Karena kuota subsidi sudah dicabut, maka warga Tambelan yang terkadang menggunakan minyak tanah untuk memasak terpaksa mencari minyak tanah yang dijual eceran di Tambelan.

Kapal minyak dari Anambas tak lagi masuk ke Tambelan. Karena minyak subsidi tak diedarkan di Tambelan. Padahal kuota gas tidak sesuai perhitungan. Terjadi dilema. Kompor gas belum dapat, minyak tanah subsidi pun terlalu mahal karena minyak subsidi dihentikan.

Sekarang minyak tanah di Tambelan dijual secara diam-diam. Harganya pun selangit. Pedagang di Tambelan menjual minyak tanah per 2,5 liter seharga Rp29 ribu.

Bandingkan dengan harga minyak tanah di Tanjungpinang, ibu kota Provinsi Kepri  dengan ukuran yang sama hanya Rp18 ribu ketika Tanjungpinang Pos bertanya dengan pedagang di Pasar Bintan Center, Km 9 Tanjungpinang, September 2019.

Minyak tanah untuk Tambelan sewaktu subsidi belum dicabut dipasok melalui Tarempa, Kabupaten Anambas. Jarak Tarempa ke Tambelan lebih kurang 24 jam perjalanan dengan menggunakan kapal laut. Karena sudah ada konversi ke gas, warga Tambelan mendapatkan pasokan minyak tanah dari Kalimantan Barat.

Pernah warga Tambelan yang membawa BBM dan gas dari Kalbar ke Tambelan ditangkap aparat di sana. Karena kuota BBM dan gas Kalbar dibawa ke Tambelan yang merupakan bukan wilayah Kalbar.

Karena jarak dekat dibandingkan dari Kabupaten Bintan, Provinsi Kepulauan Riau, maka pedagang BBM lebih murah mendatangkan BBM dari Kalbar. Anggota DPRD Bintan Hasriawadi sampai marah soal ini.

”Pemerintah harus mengatur baik-baik soal tata niaga ini. Jangan sampai warga jadi korban dan ditahan karena membawa gas yang tidak sesuai kuota. Ini harus diselesaikan dan dicarikan cara agar aman,” ujar Hasriawadi, anggota dewan dari Fraksi Golkar.

Akhirnya Pertamina dan BP Migas pun setuju, pasokan gas ke Tambelan dari provinsi lain yakni Kalbar karena alasan dekat, mudah dijangkau sekitar 12 jam dengan kapal laut.

Masyarakat Tambelan menjadikan minyak tanah selama puluhan tahun sebagai bahan bakar memasak. Bahkan sampai saat ini masih ada warga yang memasak dengan menggunakan bahan bakar kayu. Karena lebih besar apinya dan hemat tidak mengeluarkan biaya besar.
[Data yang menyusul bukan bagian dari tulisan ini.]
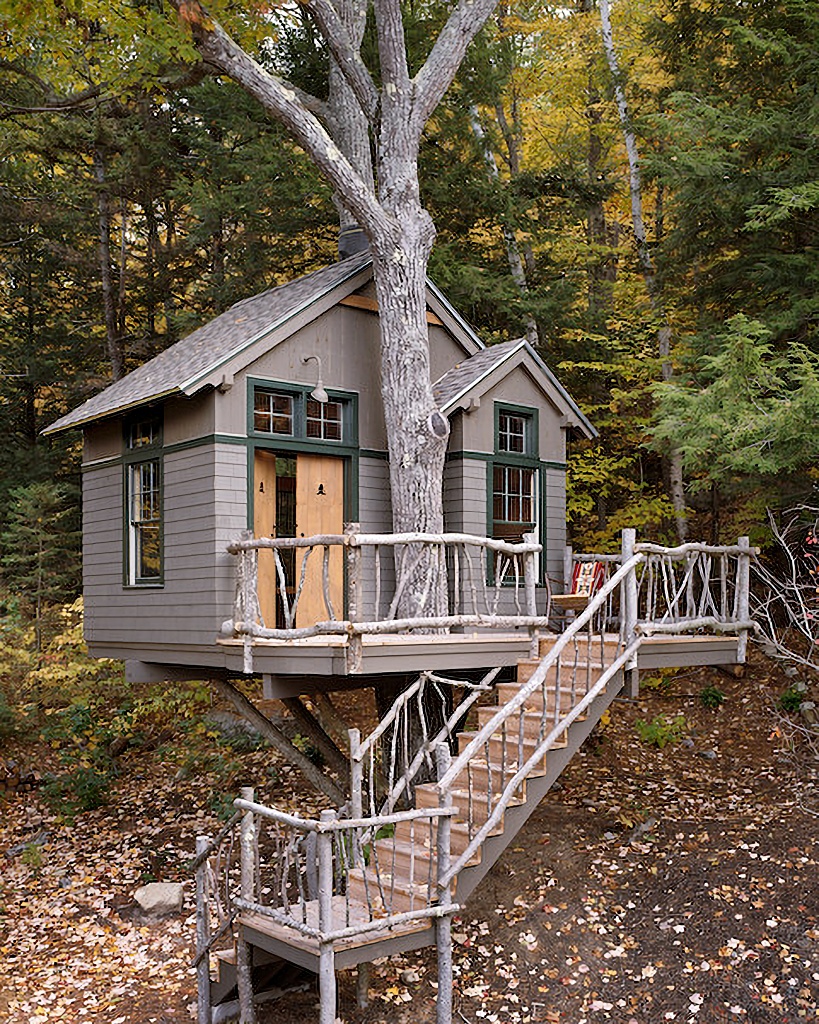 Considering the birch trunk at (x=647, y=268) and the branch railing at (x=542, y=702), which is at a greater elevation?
the birch trunk at (x=647, y=268)

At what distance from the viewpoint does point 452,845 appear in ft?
28.6

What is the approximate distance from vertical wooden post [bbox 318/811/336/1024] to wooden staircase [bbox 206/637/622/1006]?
156 millimetres

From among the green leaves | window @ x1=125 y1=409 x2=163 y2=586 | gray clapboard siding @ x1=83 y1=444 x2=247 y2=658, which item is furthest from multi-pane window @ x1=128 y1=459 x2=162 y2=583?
the green leaves

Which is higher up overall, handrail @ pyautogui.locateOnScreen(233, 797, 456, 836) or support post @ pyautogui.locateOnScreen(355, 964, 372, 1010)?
handrail @ pyautogui.locateOnScreen(233, 797, 456, 836)

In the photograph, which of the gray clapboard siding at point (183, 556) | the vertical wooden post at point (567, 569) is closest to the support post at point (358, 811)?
the gray clapboard siding at point (183, 556)

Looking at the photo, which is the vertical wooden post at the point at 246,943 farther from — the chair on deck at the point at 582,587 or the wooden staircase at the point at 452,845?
the chair on deck at the point at 582,587

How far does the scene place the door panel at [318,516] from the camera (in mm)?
11094

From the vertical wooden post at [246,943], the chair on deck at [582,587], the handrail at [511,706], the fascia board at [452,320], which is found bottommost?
the vertical wooden post at [246,943]

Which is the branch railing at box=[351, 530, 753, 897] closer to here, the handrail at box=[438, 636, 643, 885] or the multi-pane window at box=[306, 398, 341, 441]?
the handrail at box=[438, 636, 643, 885]

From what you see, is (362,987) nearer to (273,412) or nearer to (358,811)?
(358,811)

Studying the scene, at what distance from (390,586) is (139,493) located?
3159 mm

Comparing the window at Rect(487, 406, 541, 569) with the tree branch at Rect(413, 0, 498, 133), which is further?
the window at Rect(487, 406, 541, 569)

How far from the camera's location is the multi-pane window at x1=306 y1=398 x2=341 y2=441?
36.8 feet

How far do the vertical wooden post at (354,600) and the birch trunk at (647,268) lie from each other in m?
A: 8.01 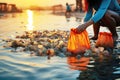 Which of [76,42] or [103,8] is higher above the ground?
[103,8]

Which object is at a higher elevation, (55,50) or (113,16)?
(113,16)

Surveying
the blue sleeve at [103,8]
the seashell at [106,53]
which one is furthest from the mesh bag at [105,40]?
the blue sleeve at [103,8]

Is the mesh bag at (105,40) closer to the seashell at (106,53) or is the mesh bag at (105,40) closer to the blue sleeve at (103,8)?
the seashell at (106,53)

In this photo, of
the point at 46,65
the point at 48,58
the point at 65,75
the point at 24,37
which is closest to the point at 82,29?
the point at 48,58

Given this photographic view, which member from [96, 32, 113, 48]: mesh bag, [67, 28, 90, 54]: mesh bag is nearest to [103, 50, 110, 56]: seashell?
[67, 28, 90, 54]: mesh bag

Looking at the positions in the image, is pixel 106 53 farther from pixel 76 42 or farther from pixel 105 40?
pixel 105 40

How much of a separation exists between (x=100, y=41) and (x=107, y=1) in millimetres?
928

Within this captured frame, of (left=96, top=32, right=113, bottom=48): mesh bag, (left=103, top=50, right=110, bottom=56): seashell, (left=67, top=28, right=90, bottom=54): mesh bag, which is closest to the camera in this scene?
(left=103, top=50, right=110, bottom=56): seashell

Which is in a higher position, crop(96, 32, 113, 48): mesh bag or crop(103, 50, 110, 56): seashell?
crop(96, 32, 113, 48): mesh bag

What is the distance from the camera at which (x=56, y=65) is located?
491 cm

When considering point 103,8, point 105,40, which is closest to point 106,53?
point 105,40

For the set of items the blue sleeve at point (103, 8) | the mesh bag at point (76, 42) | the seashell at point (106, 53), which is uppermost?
the blue sleeve at point (103, 8)

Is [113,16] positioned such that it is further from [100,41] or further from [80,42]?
[80,42]

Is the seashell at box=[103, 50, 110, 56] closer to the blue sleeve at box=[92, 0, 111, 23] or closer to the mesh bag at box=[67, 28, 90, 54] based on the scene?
the mesh bag at box=[67, 28, 90, 54] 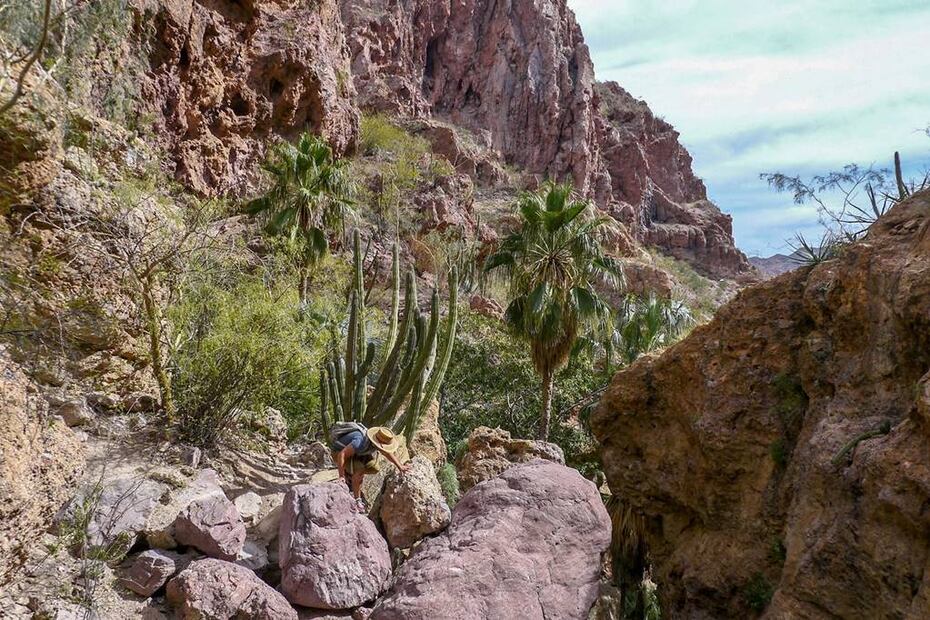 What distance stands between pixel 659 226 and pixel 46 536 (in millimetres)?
74484

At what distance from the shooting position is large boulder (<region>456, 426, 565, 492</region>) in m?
9.64

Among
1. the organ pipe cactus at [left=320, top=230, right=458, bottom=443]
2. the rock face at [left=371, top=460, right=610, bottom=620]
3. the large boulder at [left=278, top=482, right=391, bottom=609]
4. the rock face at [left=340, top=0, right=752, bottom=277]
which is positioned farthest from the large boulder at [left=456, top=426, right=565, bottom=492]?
the rock face at [left=340, top=0, right=752, bottom=277]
Erna, yang tinggal di Kelurahan Teluk Sekuni masih menggunakan kayu bakar hingga sekarang. Jika tidak ada duit, warga menggunakan kayu bakar untuk menggilir pemakaian gas.

Harga kayu bakar yang diambil dekat hutan hutan di Tambelan dijual satu ikat Rp10 ribu.

Sejak Indonesia merdeka, warga Tambelan yang berada di Laut Natuna Utara (Sebelumnya Laut China Selatan) atau sekitar 210 Km dari Pulau Bintan masih menggunakan kayu bakar dan minyak tanah.

Enam jam dari Kecamatan Tambelan, yakni di Desa Mentebung, separuh warga sudah menggunakan gas yang dibagikan pemerintah menerapkan Tambelan sebagai salah satu daerah konversi 2018 lalu.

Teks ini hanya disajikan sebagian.